### Work request
What you return should be only the lines in the entries below between the one holding "Nášivka Nažehlovačka květ, barva" and the one holding "Kayla's Reconstruction (Extended", ends included, with every picture left out.

--- Data to examine Enclosed Below ---

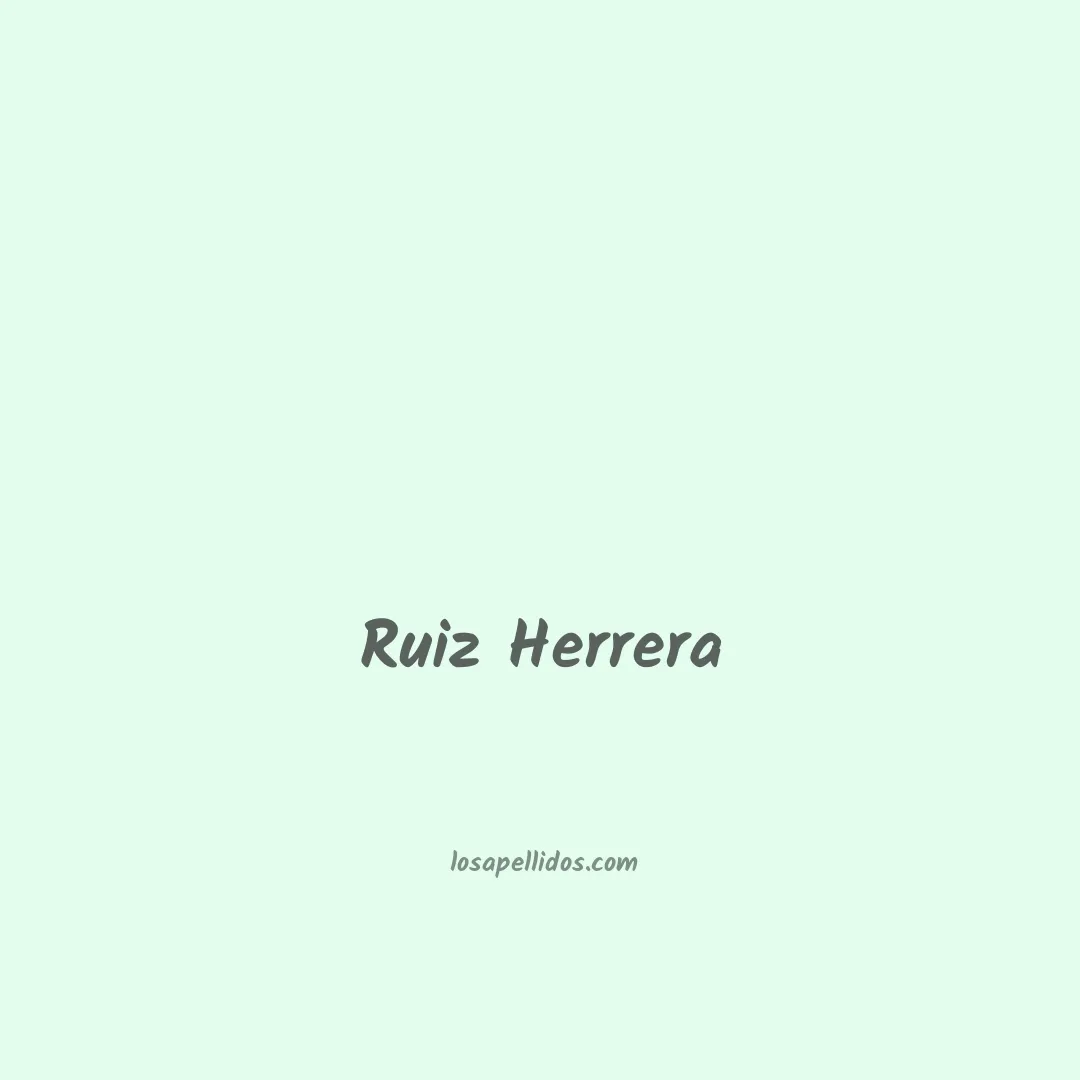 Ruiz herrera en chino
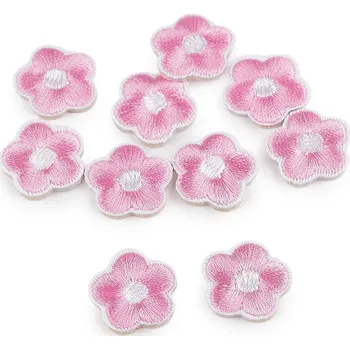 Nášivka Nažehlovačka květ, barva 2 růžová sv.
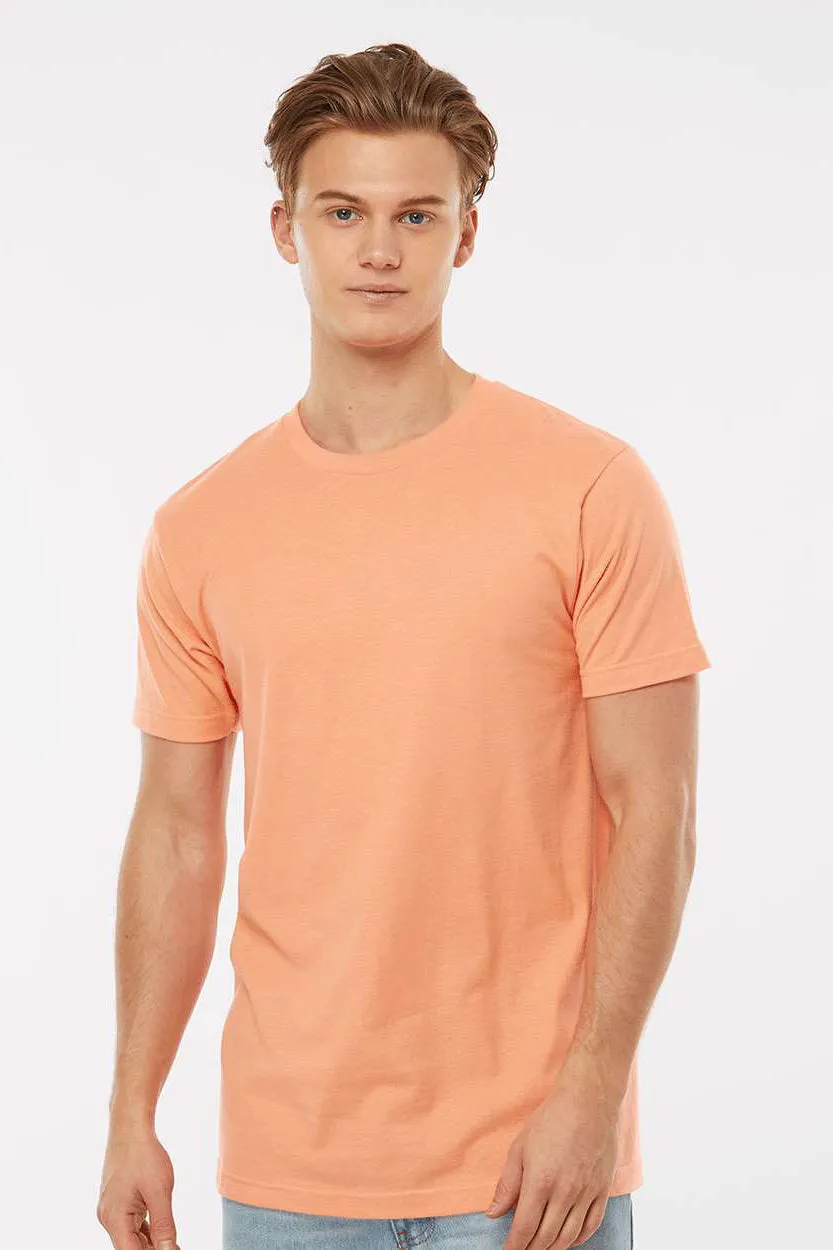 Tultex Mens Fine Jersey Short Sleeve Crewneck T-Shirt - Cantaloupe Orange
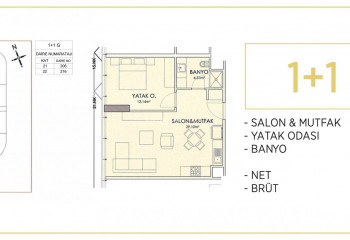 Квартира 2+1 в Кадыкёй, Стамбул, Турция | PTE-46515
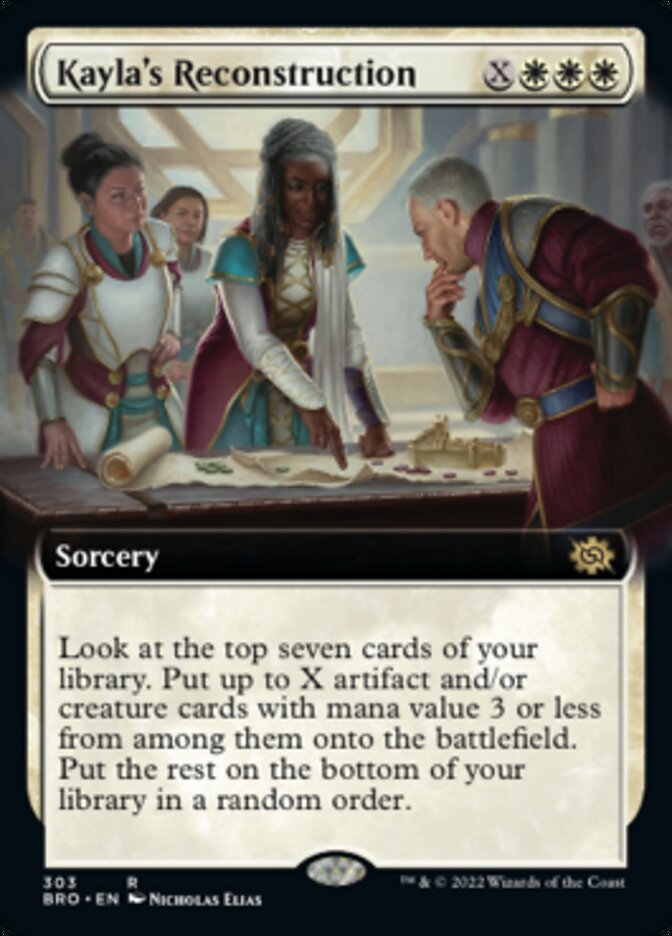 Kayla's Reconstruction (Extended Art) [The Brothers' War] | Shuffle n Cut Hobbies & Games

--- End of Enclosed Data to examine ---
--- Data to examine Enclosed Below ---

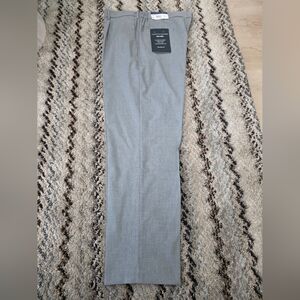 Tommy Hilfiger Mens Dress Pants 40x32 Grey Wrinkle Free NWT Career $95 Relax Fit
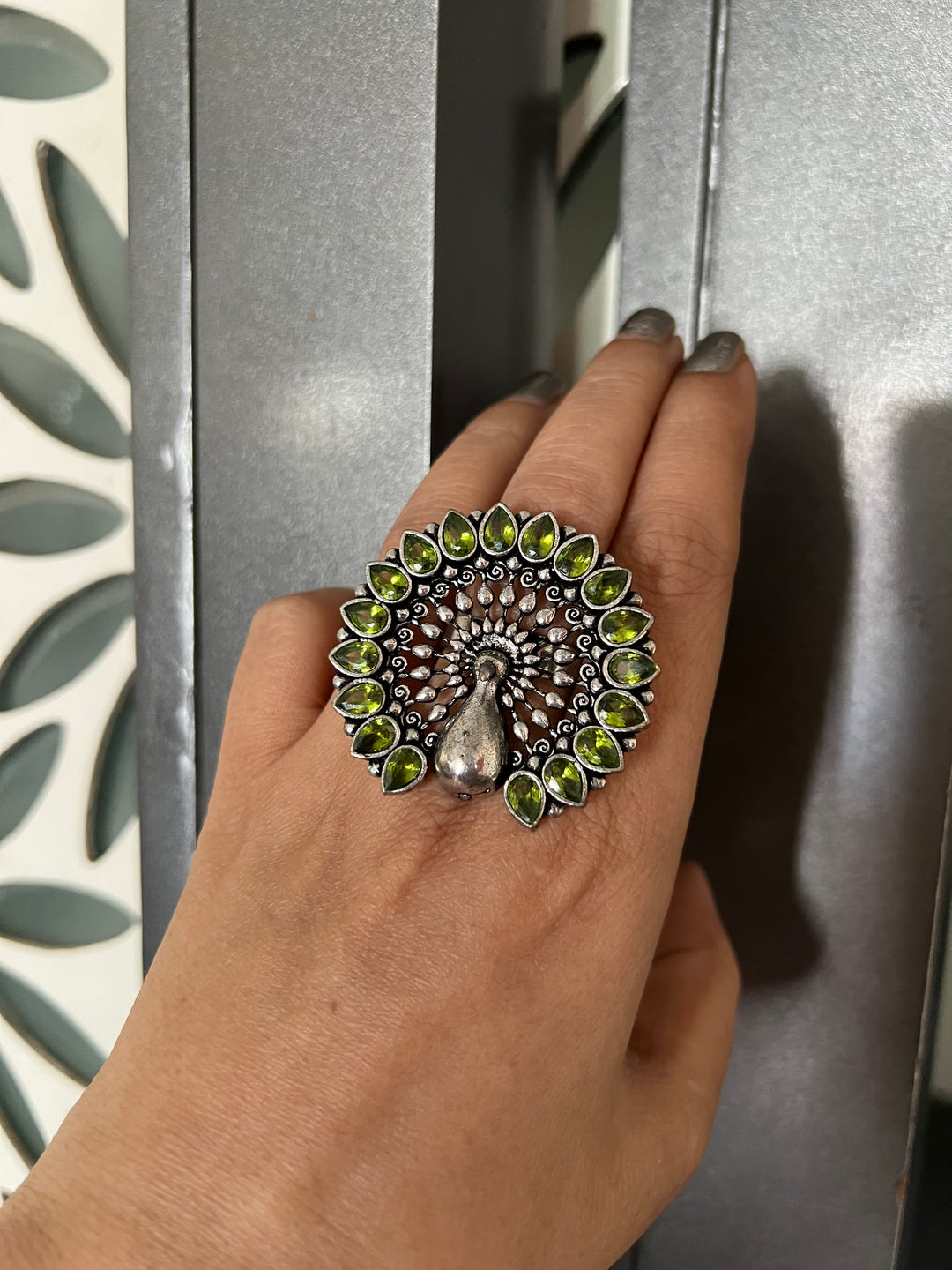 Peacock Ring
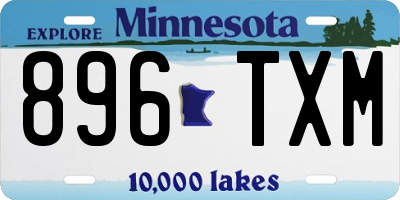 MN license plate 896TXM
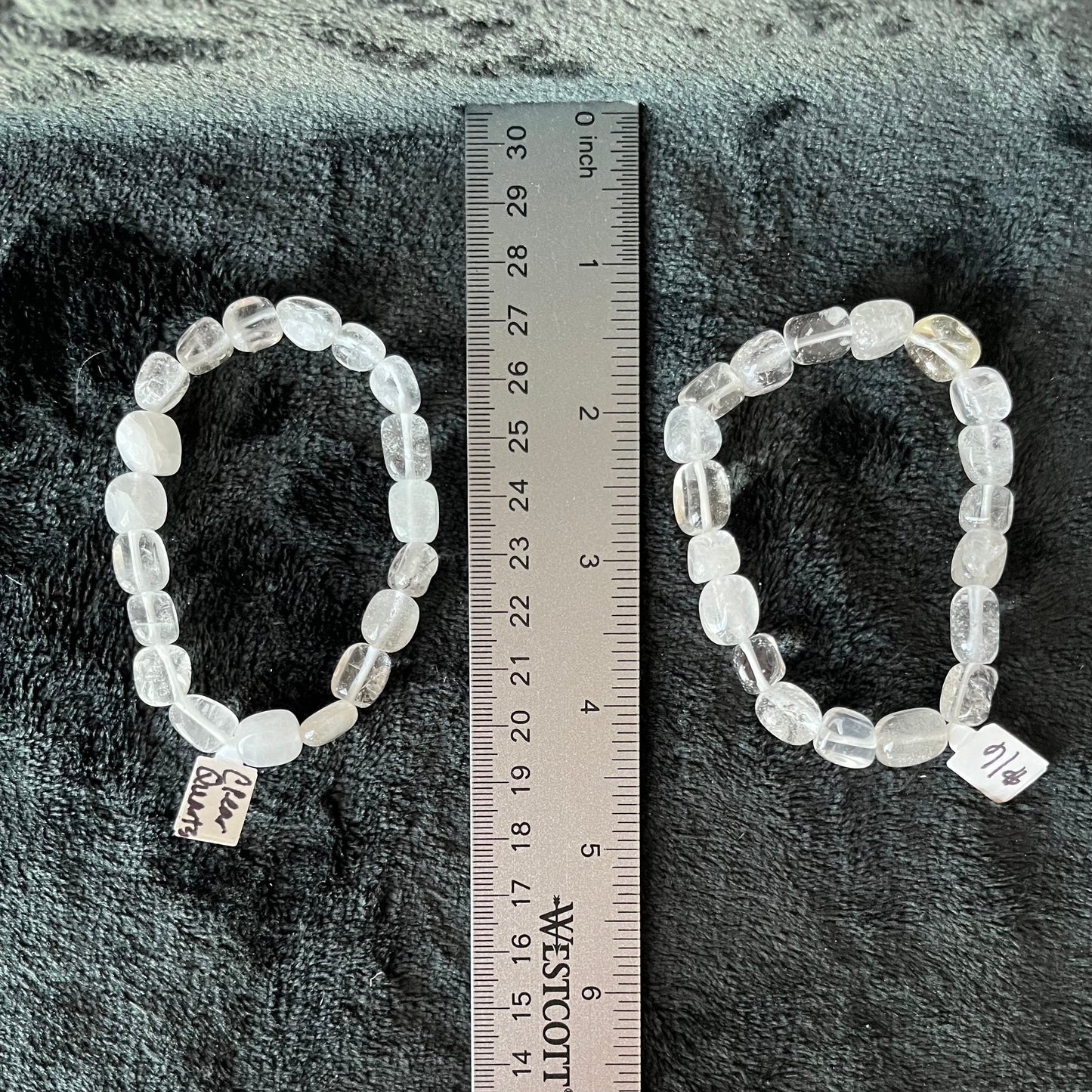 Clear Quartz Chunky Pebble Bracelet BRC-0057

--- End of Enclosed Data to examine ---

### Final answer
 Nášivka Nažehlovačka květ, barva 2 růžová sv.
 Tultex Mens Fine Jersey Short Sleeve Crewneck T-Shirt - Cantaloupe Orange
 Квартира 2+1 в Кадыкёй, Стамбул, Турция | PTE-46515
 Kayla's Reconstruction (Extended Art) [The Brothers' War] | Shuffle n Cut Hobbies & Games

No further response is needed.